Let's take an example piece of code:

In [0]:
def mistake():
    
    a = 1
    b = 'one'
    print(a + b)
    
mistake()

Oops! What when wrong? Let's use an interactive debugger to find out: 

In [0]:
import pdb

def mistake():
    
    # Set a breakpoint to pause here
    # pdb.set_trace()
    
    a = '1 ' 
    b = 'one'
    print(a + b)
    
mistake()

## Tips

Some tips for using the `pdb` debugger:

* place the breakpoint near where your code broke
* (l)ist to see a bit of context
* (n)ext for next line
* use the `print` command to see variable contents
* (s)tep to step *into* a method
* (b)reak to set a breakpoint sometime in the future
* use the `exit()`command to finish debugging

## Practice

Try debugging these examples:

In [0]:
# -------------------------------------------------
# Example 1
# -------------------------------------------------

def multiply(values):
    """
    Method to multiply all values in list
    
    :params
    
      (list) values
      
    """
    total = 1 
    for value in values:
        total = total * int(value) 
    
    return total

def main():
    
    a = input('Enter value for A:')
    b = input('Enter value for B:')
    
    c = multiply([a, b])
    print('A x B = %i' % c)

main()

In [0]:
# -------------------------------------------------
# Example 2 
# -------------------------------------------------

def add_series(values):
    """
    Method to add all values together
    
    :params
    
      (list) values
    
    """
    total = 0
    
    for value in values:
        print('Adding %i to the total' % value)
        total = total + value
    
    return total

def create_series(max_value):
    """
    Method to create a list of numbers from 1 through max_value
    
    :params
    
      (int) max_value
      
    """
    values = []
    for i in range(max_value):
        values.append(i)
    
    return values

def calculate():
    """
    Method to add a series together
    
    """
    max_value = input('Add together all numbers between 1 and ? (inclusive):')
    max_value = int(max_value)
    values = create_series(max_value)
    total = add_series(values)
    
    print('The sum is %i' % total)

calculate()
    

# Basic Linux and Bash

One of the most challenging mental blocks to the world of programming is learning to use the command line (Terminal). In Linux, the most common Terminal flavor is known as **bash**. Luckily, at the CAIDM we have set up many user-friendly interfaces like this Jupyter notebook to make most of the process quite simple. However, every once in a while you will need to use some basic Terminal commands.

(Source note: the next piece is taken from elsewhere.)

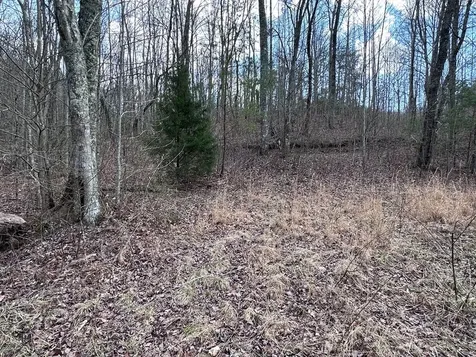 Tbd Pack Mountain Road Murphy NC 28906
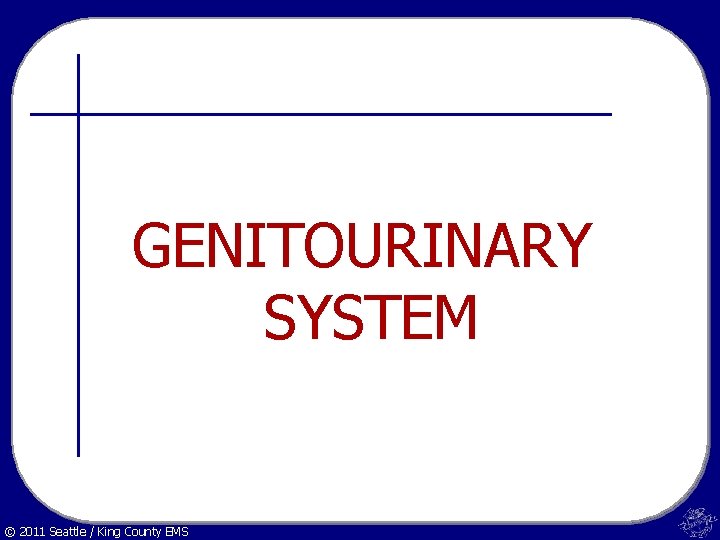 GENITOURINARY SYSTEM © 2011 Seattle / King County EMS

There are two ways to access the terminal. The first and easiest is straight from the Jupyter notebook. Any command that is prefixed with `!` is simply a command that will instead run in the Bash terminal. The second option, available only when connected to our in-house CAIDM servers, is the terminal screen itself.

## Common commands

In [0]:
# List the present working directory
!pwd

In [0]:
# List the files and directories in current folder
!ls

In [0]:
# Change directories
!cd datalab

# Move up one directory
!cd .. 

In [0]:
# Make directory
!mkdir temp

# Remove a direcotry (note the -r)
rm -r temp

In [0]:
# Move a file or folder
!mkdir temp
!mkdir sub
!mv sub temp

# Version control

Inevitably during the course of writing some code, you will inadvertently do something that breaks your entire program. No matter how much time you spend tracing through your code with your ninja debugging techniques, you can't seem to pinpoint the error. Everytime you fix one error, another one pops up!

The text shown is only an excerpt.